The worst part is that if you don’t get it exactly right, you’ll still get answers that look right but are shifted by maybe 1-3m. As an example, we had a field team out with a Trimble survey stick with RTK (nominal accuracy 1-2cm) that they were using to cross-check data from our aerial survey platform. We had laid out a bunch of targets on the ground, which they surveyed the corners for. Most of the time there was a fantastic match between the aerial survey data and the ground truth data, but occasionally there was a pretty large offset. As I discovered WAY too late, exactly one of the cellphones that ran the Trimble app had its coordinate system set to one of the Canadian CSRS frames instead of WGS84: https://natural-resources.canada.ca/science-data/science-res...
Edit: naturally, they just handed me the coordinates in a CSV file that they’d captured. The Trimble app + whatever data collection app didn’t actually record the reference frame.
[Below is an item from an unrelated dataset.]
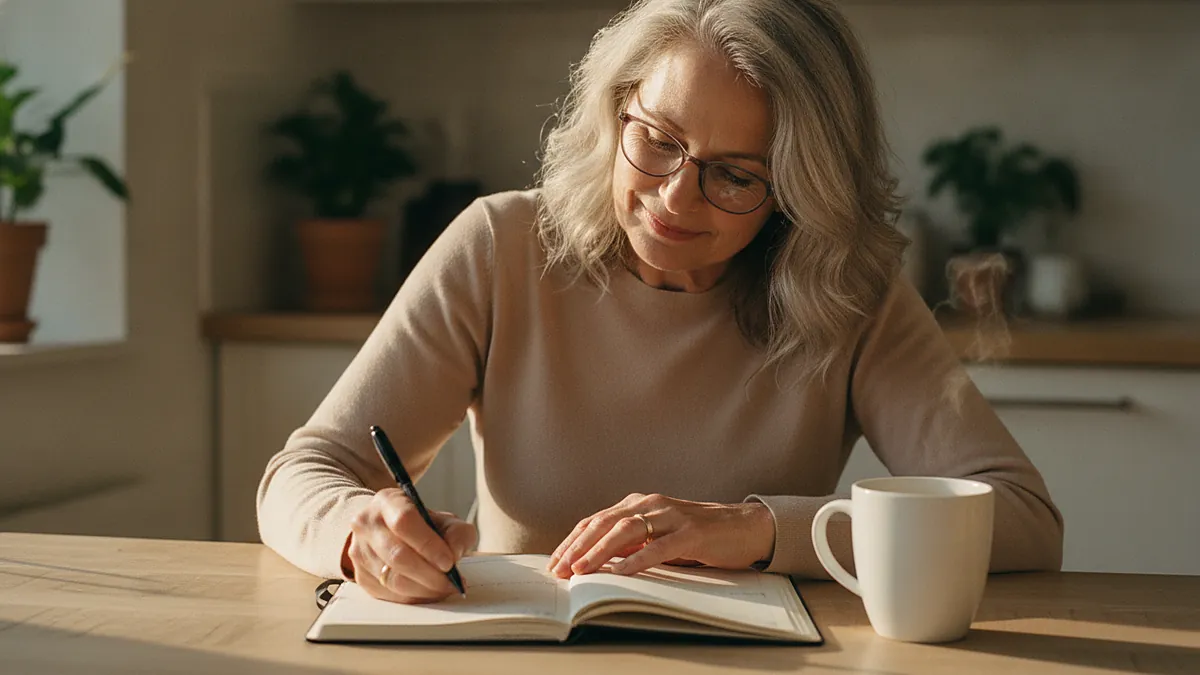 Woman planning her first weeks of dating over fifty in a paper planner over morning coffee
That's sort of true, but QGIS could do a much better job of helping you manage this stuff, figuring out the right CRS, helping you make sense of clashing CRS'es etc.
> highlighted points, whether selected through the selection UI or through the data table… should always have a higher Z-order than the other points around them
I haven't come across that one much, but generally I wish the UI around querying data was much better. First it takes me ages to find the one specific tiny little button which lets you query stuff, then you have to remember to pick which layer you want to query, etc etc.
It's the most obvious mode, and should be the default, and not buried amongst a dozen other icons I'll never use.
As far as learning curve, I agree, but I have had a lot of luck as a beginner asking ChatGPT how to use qgis to do specific tasks and it walked me through them in detail correctly.
if you are a web based first, you have even better options to build and extend
kepler, protomaps, maplibre-gl-js
https://github.com/maplibre/maplibre-gl-js
the rest can be found on great Qiusheng Wu’s (aka @giswqs) Geo/GeoAI tutorials channels and repos
https://www.youtube.com/@giswqs/videos
but what really amazed me is how geo spatial support is growing inside of databases recently
https://duckdb.org/docs/stable/core_extensions/spatial/overv...
all mighty postgis https://postgis.net/docs/manual-3.5/postgis_cheatsheet-en.ht...
https://sedona.apache.org/latest/
https://geoparquet.org/releases/v1.0.0/
and many unlocked dataset compare to other industries
https://docs.overturemaps.org/getting-data/duckdb/
https://www.openstreetmap.org/
lot great webtools are comming for sure and you still can be 100% of most of your geospatial pipeline
p.s. want to extend the above list with self-hosted tools with minimum or none dependencies on paid APIs, and recommendations are greatly appreciated
Stallman approved.
[1] https://www.lizmap.com/en/
For folks working on QGis: thank you
A lot of things are evolving though in the gis world. You can now, even in the browser, render huge datasets with geoparquet, geoarrow, wasm and webgl.